Studio album by Jake Shears
- Released: August 10, 2018
- Length: 45:08
- Label: Freida Jean (Absolute UK)
- Producer: Jake Shears; Kevin Ratterman;

Jake Shears chronology
|  | Jake Shears (2018) | Last Man Dancing (2023) |

Singles from Jake Shears
- "Creep City" Released: May 25, 2018; "Big Bushy Mustache" Released: August 3, 2018; "Sad Song Backwards" Released: September 28, 2018;

= Jake Shears (album) =

Jake Shears is the self-titled debut solo album by Jake Shears, released on August 10, 2018. "Creep City" serves as the album's lead single.

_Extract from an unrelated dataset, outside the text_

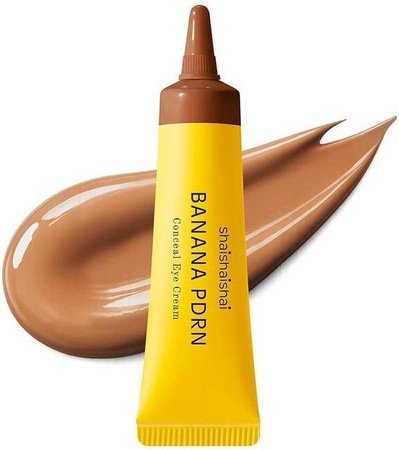 shaishaishai BANANA PDRN Conceal Augencreme, 15 ml, 05 Toffee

==Recording and composition==
The album was recorded in Louisville with Kevin Ratterman, as well as members of My Morning Jacket.

==Promotion==
"Creep City" serves as the album's lead single. The music video was directed by Mac Boucher.

The second single was "Sad Song Backwards". It was accompanied by a lyric video.

"Big Bushy Moustache" was released as the third single. Its video was directed by Mac Boucher too, and consists on Shears strutting in New Orleans, urging other men to join him in the celebration of facial hair. It features a cameo by Queens of the Stone Age's Josh Homme (who had previously collaborated with Scissor Sisters on the promotion of 2010 Magic Hour).

"Everything I Ever Need" was released as the fourth single, with a video (also directed by Boucher) inspired by Elton John and Freddie Mercury.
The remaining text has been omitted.